Fakat asıl korku dili, “ne zaman gelir” endişesini büyütmekten çok, üstünüze daha çok canavar sürmekten yana. Bloober Team ekibinin atmosferik ses kullanımında Silent Hill 2 oyununun yeniden yapımında öğrendiklerine benzer bir deneme var. Aynı başarıyı yakaladığını söylemek zor. Cronos: The New Dawn oyununun dünyası daha gürültülü ve saldırgan.

Oyun, sessizliğe alan açmıyor. Oysa kimi zaman asıl dehşet sessiz bekleyişte saklı. Cronos: The New Dawn yapıtının eğilimi Resident Evil ile Dead Space serilerine yakın. Evet, hayatta kalma korkusu ama aksiyona doğru bir adım daha atıyor. Neyse ki sentetik tınıları baskın, güçlü bir müzik albümü var. Oyun dünyasına, karakterlerden gelmeyen bir kişilik kazandırıyor.

Gelecek oyunlarda geliştirilmesi iyi olacak yanlar mevcut. Özellikle her an çatışmaya zorlamak yerine bazen içe işleyen bir tekinsizlik bırakmayı bilmek, stüdyonun çıtasını daha da yükseltebilir. Yine de burada ortaya konan iş, kendi başına gayet sağlam. Cronos: The New Dawn, Bloober Team ekibinin yalnızca korku meraklısı bir stüdyo olmadığını, artık türde güvenilir bir ses hâline geldiğini gösteriyor.
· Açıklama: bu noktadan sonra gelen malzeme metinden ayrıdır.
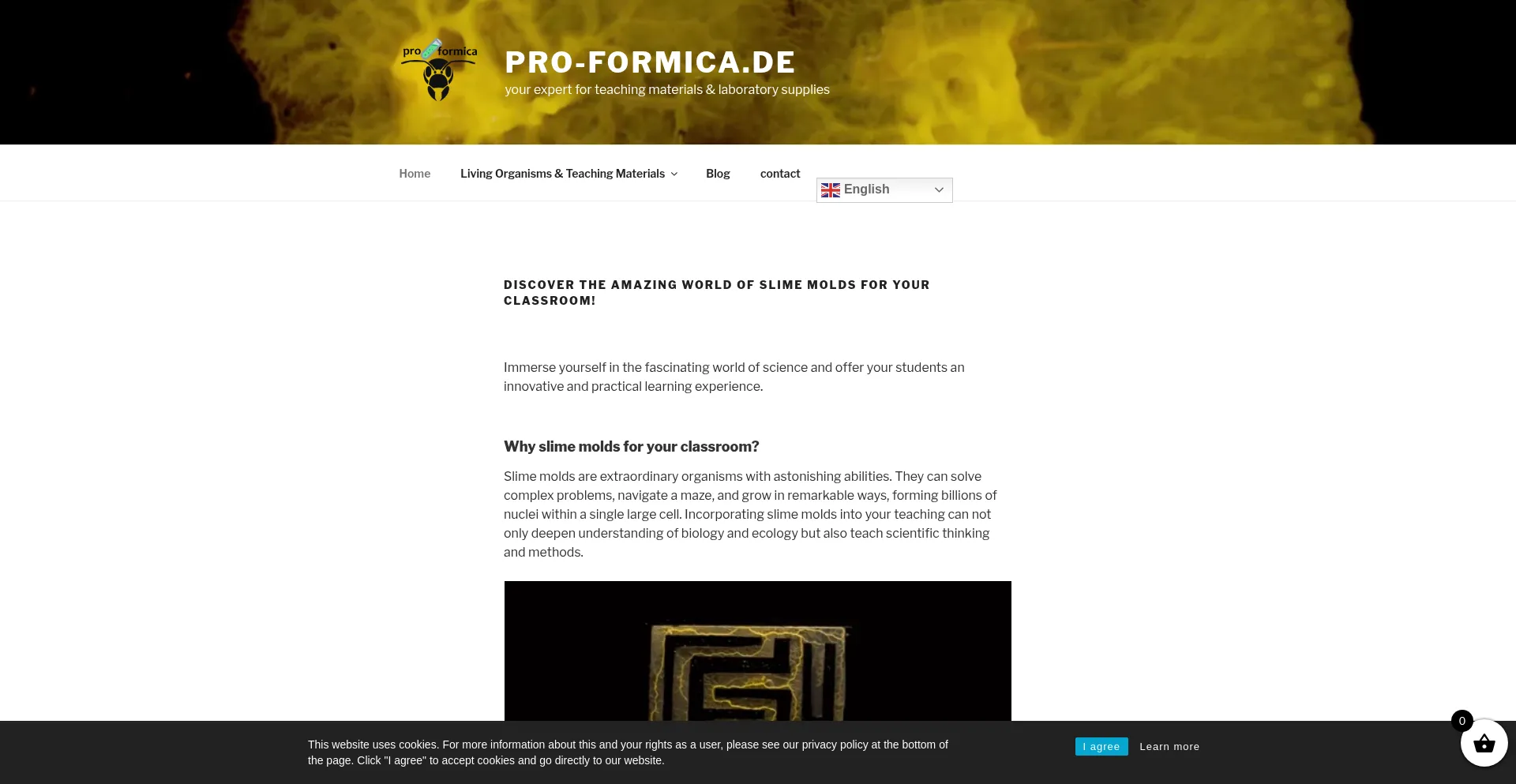 Website screenshot of Pro-formica.de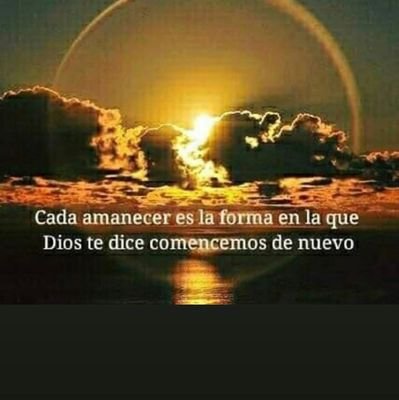 Steven49843170's profile picture. 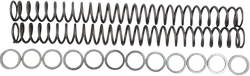 Race Tech Fork Spring 0.48 kg/mm Pair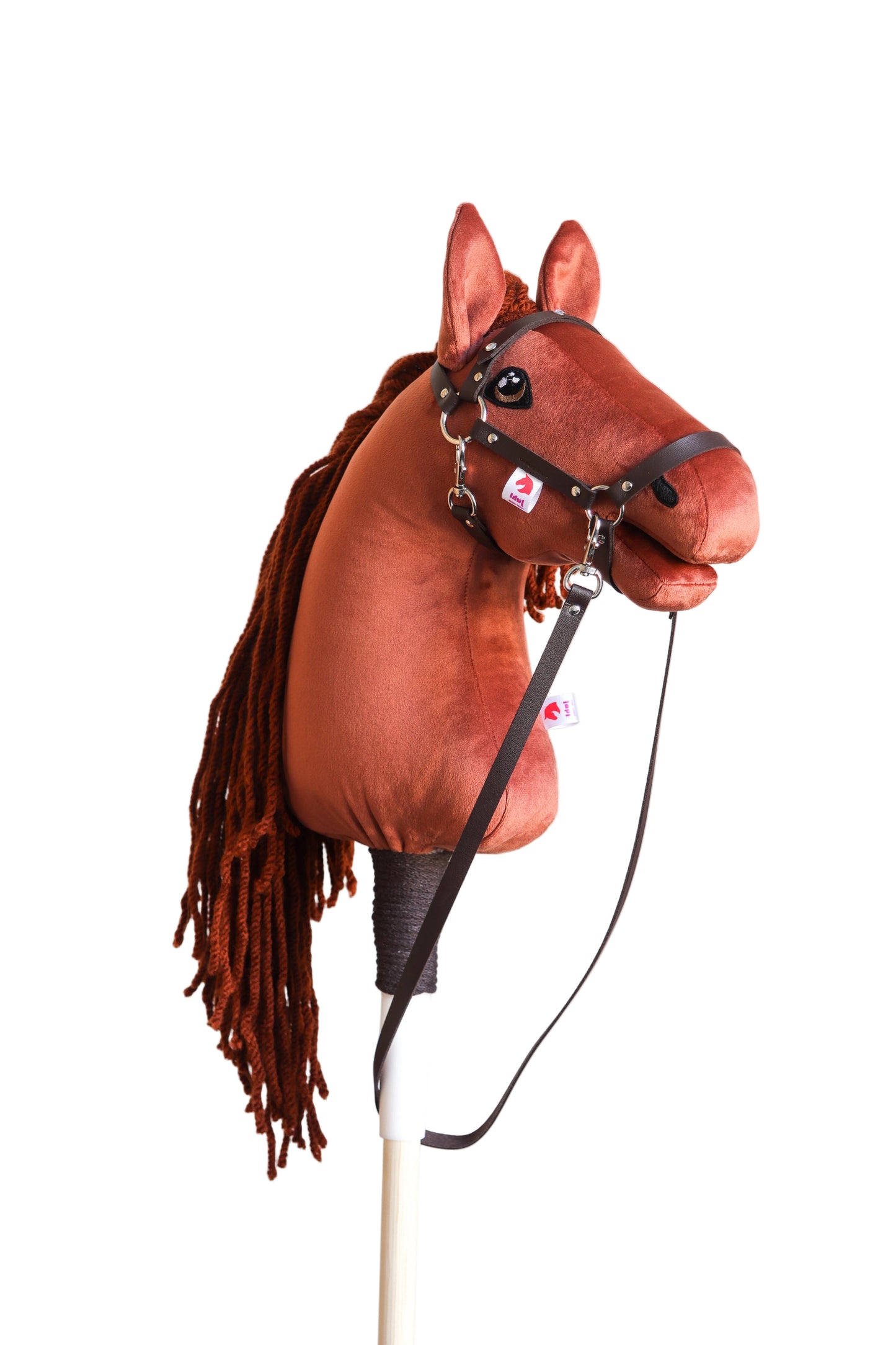 Terra - Rostige Mähne - Sportpony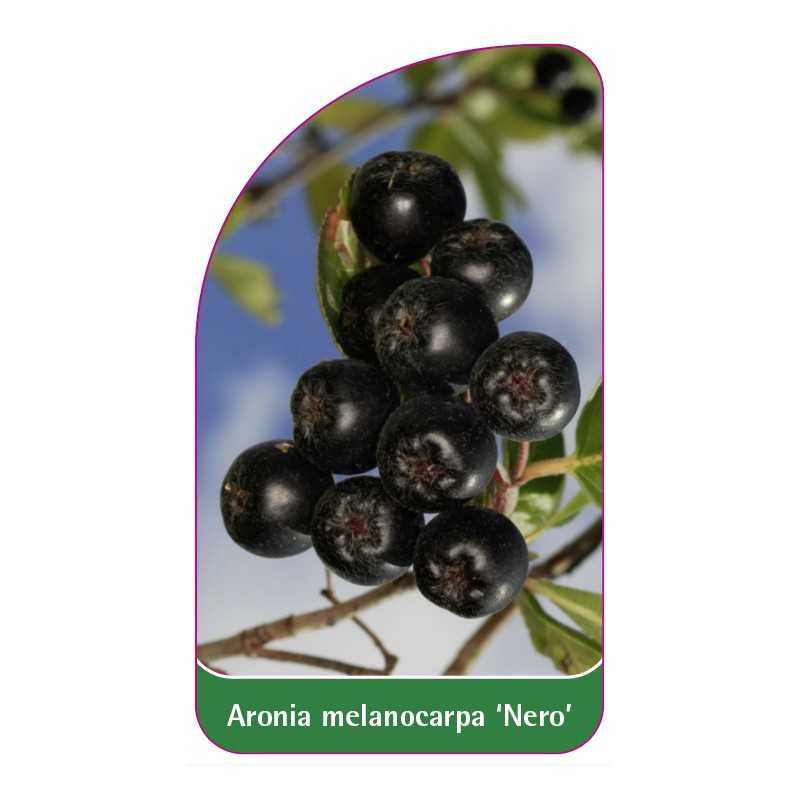 aronia-melanocarpa-nero-1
Bu yüzden, bu oyunu sizlere rahatlıkla önerebilirim.

Cronos: The New Dawn incelemesi
Cronos: The New Dawn
Olumlu
Sürekli gerilim taşıyan atmosfer ve sağlam dünya tasarımı.
Zaman yolculuğu temelli zengin lore, merak uyandırıyor.
Çarpıcı beden korkusu ve akılda kalan görsel set parçaları.
Klasik hayatta kalma korkusu ritmi, bilinçli ağırlık hissi.
Dövüş parlıyor; şarjlı atış gerginlik ve tempo yaratıyor.
Mermilerin birden çok düşmanı delmesi çok tatmin edici.
Silah çeşitliliği ve kaynak kıtlığının iyi ayarı.
Zorlu ama adil hissettiren patron karşılaşmaları.
Yan patikalar risk/ödül dengesiyle keşfi teşvik ediyor.
Güçlü, sentetik tınılı müzik albümü.
Olumsuz
Yer yer gereğinden acımasız karşılaşmalar ve ani zorluk sıçramaları.
Yakın dövüş zayıf, düşmanlar yakında daha tehlikeli.
Ana karakterle duygusal bağ zayıf; yüz gizli, konuşmalar mekanik.
An be an ilerleyen hikâye, arka plan lore kadar etkileyici değil.
Atmosferik ses kullanımı sessizliğe alan açmıyor, dünya fazla gürültülü.
İlerledikçe formül tahmin edilir hâle geliyor.